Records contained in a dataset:
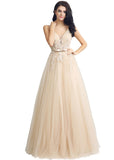 Junoesque Tulle V-neck Neckline A-line Evening Dresses With Bowknot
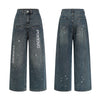 Pokiovo Vintage Washed Old Ink-splashed Alphabet Print Straight Wide Leg Jeans
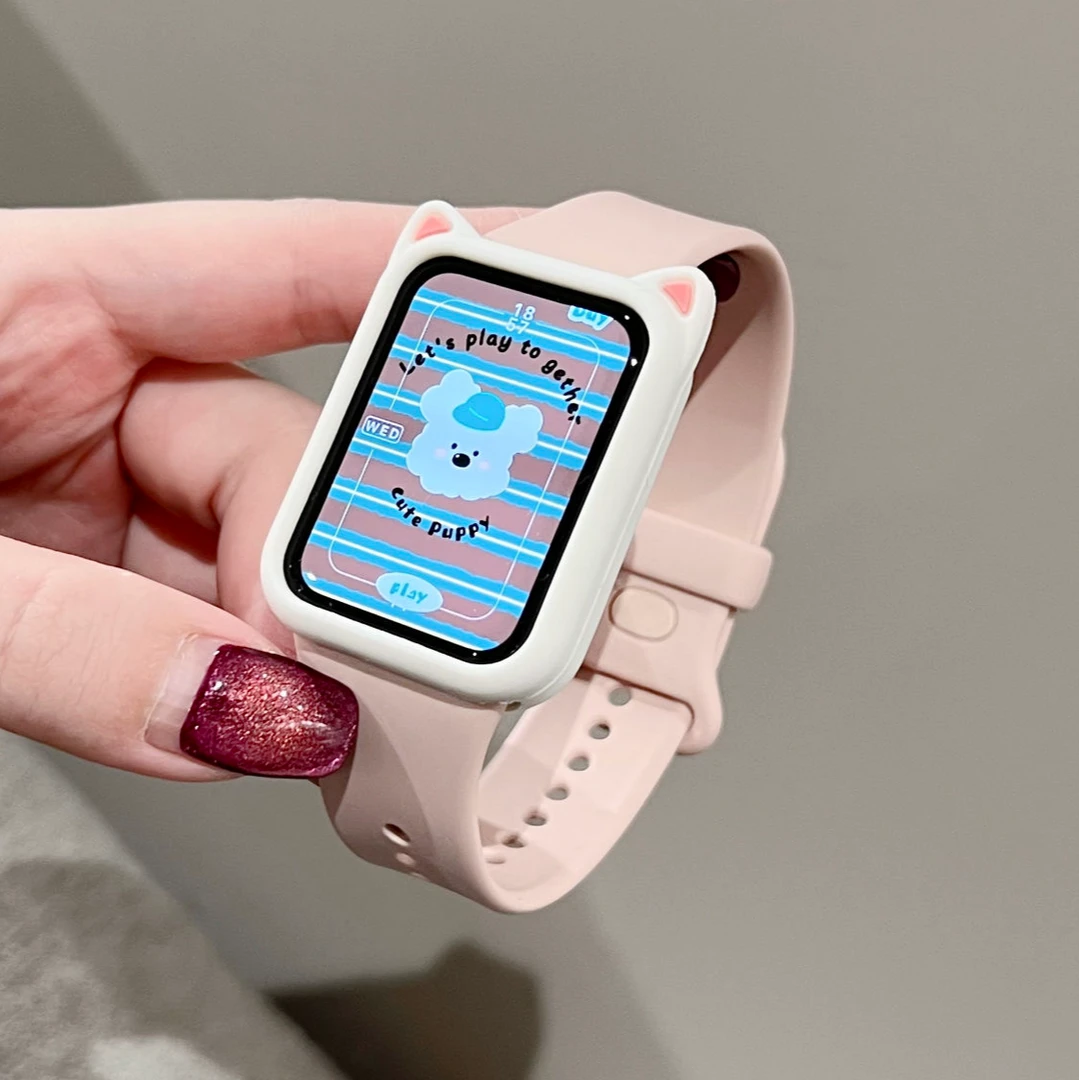 适用于小米手环9pro硅胶表带猫耳可爱8pro液态硅胶小米10表带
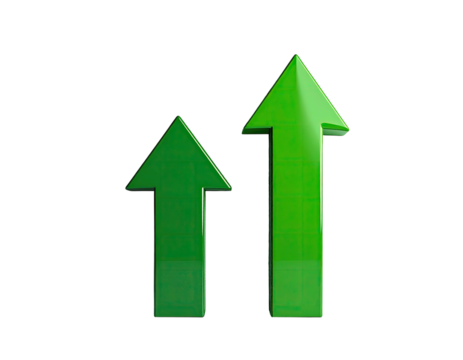 Two 3D green arrows pointing upwards against a stark black background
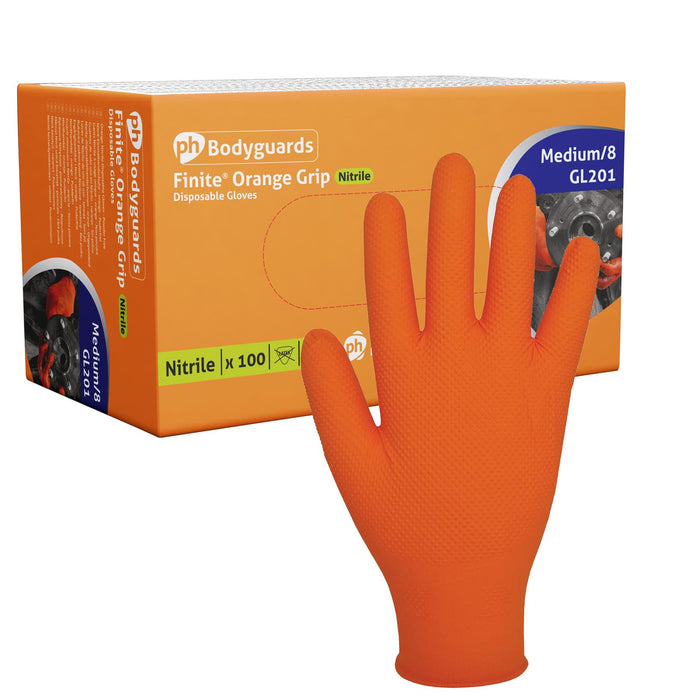 Bodyguard Finite Orange Grip Textured Grip Pattern Nitrile Gloves Small Box 90 Bodyguard  - Dynamic Drive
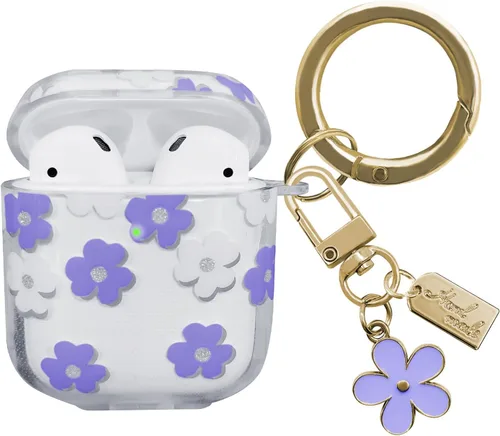 Vista 12 de Funda compatible con AirPods, funda de TPU suave con bonito patrón de flores para AirPods de 2 y 1 generación con llavero colgante y mosquetón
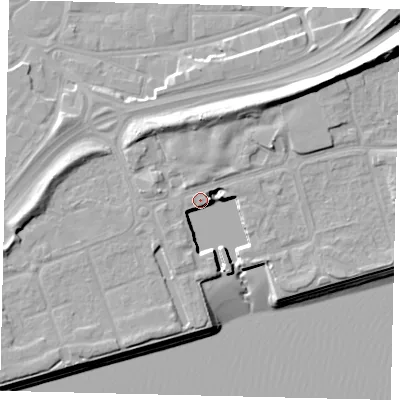 Shaded relief map of the ground around HU91PQ, computed from Environment Agency LiDAR. The ground here sits at about 5 m above sea level and falls 14 m across the surrounding 800 m. Surface water reaching this point runs off ground lying to the north-east, 11.3 m higher.
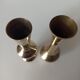 Duo of soliflores in vintage gilded brass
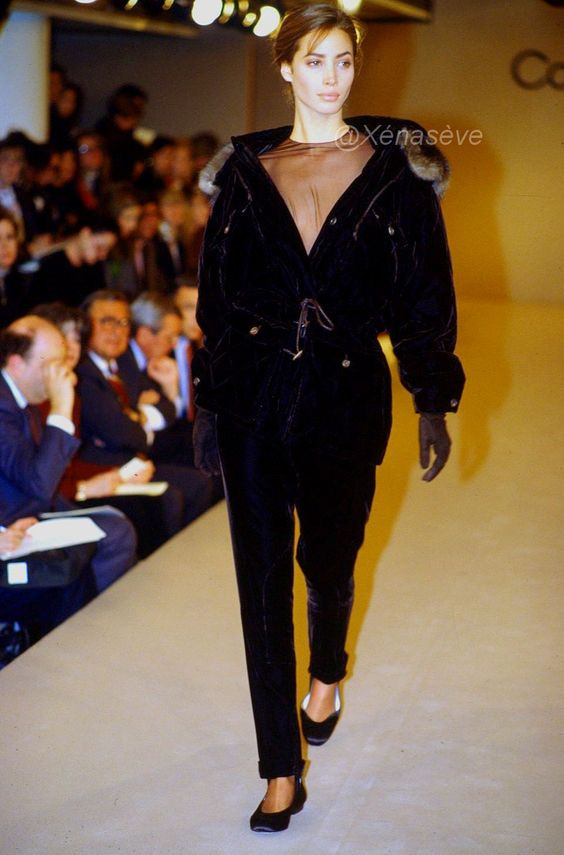 Christy Turlington featured in  the Calvin Klein fashion show for Autumn/Winter 1989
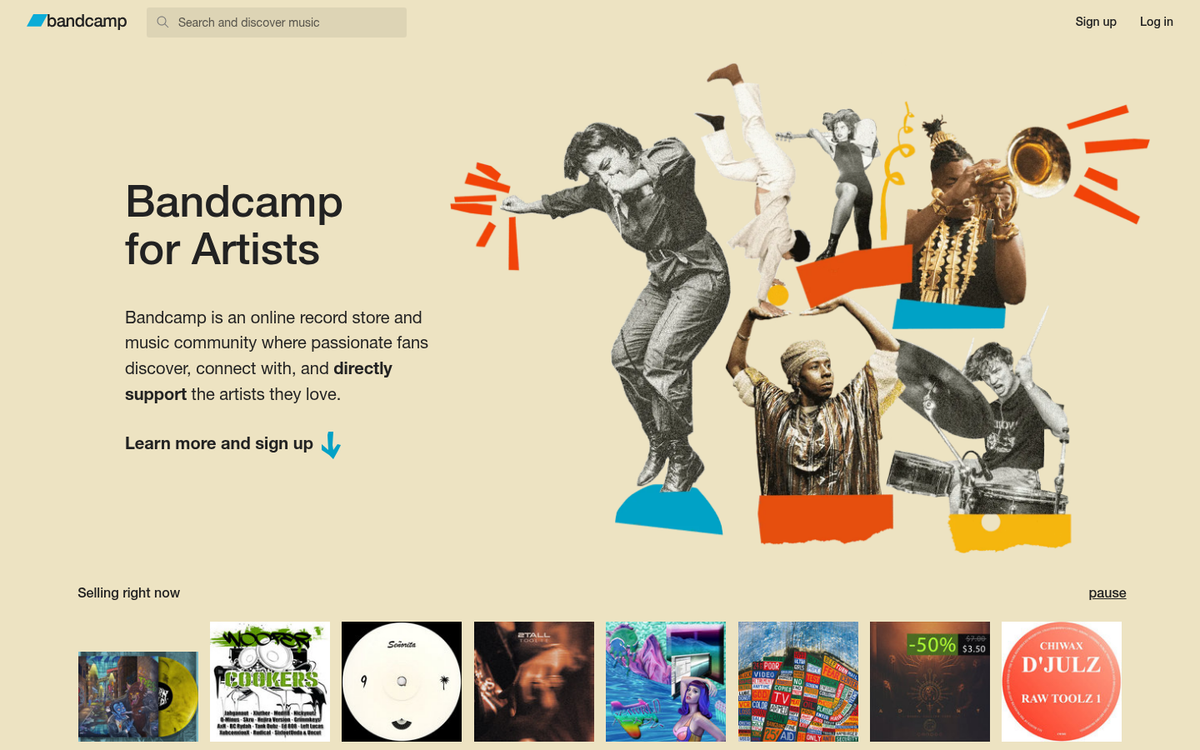 Bandcamp music platform homepage screenshot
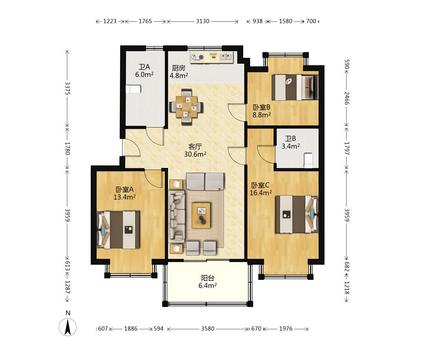 南湖新区南湖整租 长新公寓(北区)3室2厅/103平/高楼层
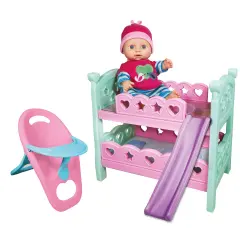 Lissi: 12" Doll Set: Bunk Bed & highchair - Pink, Green, Blue - 3pc Baby Doll Feeding & Sleep Toy Playset, Heart & Bird Outfit, Kids & Toddlers 2+
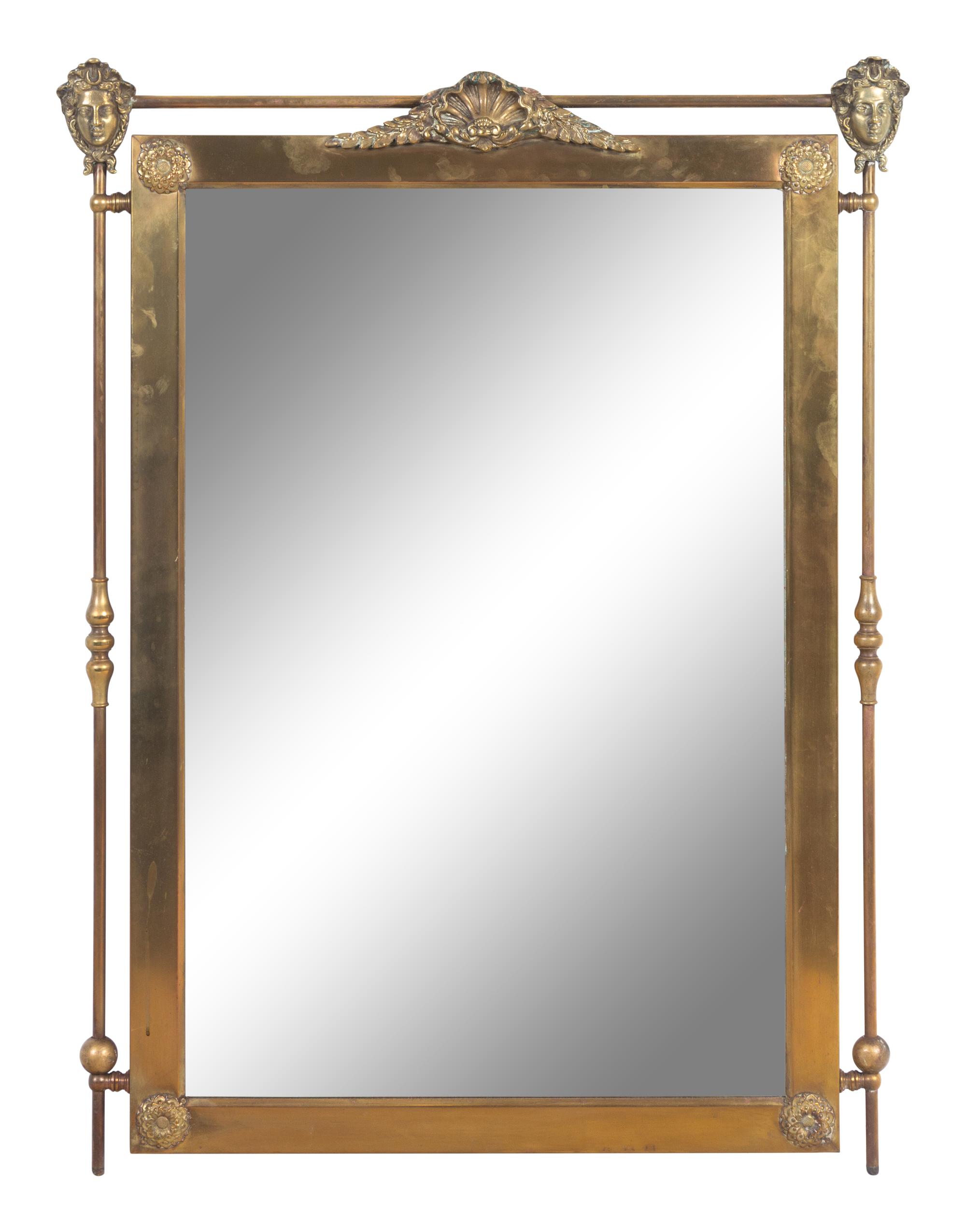 A Neoclassical Style Brass Mirror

PROBLEM => Please retype, exactly and with the pictures left out, the lines from the line containing "Duo of soliflores in vintage gilded brass" through the last line of the records above.

TASK ANSWER =>
 Duo of soliflores in vintage gilded brass
 Christy Turlington featured in  the Calvin Klein fashion show for Autumn/Winter 1989
 Bandcamp music platform homepage screenshot
 南湖新区南湖整租 长新公寓(北区)3室2厅/103平/高楼层
 Lissi: 12" Doll Set: Bunk Bed & highchair - Pink, Green, Blue - 3pc Baby Doll Feeding & Sleep Toy Playset, Heart & Bird Outfit, Kids & Toddlers 2+
 A Neoclassical Style Brass Mirror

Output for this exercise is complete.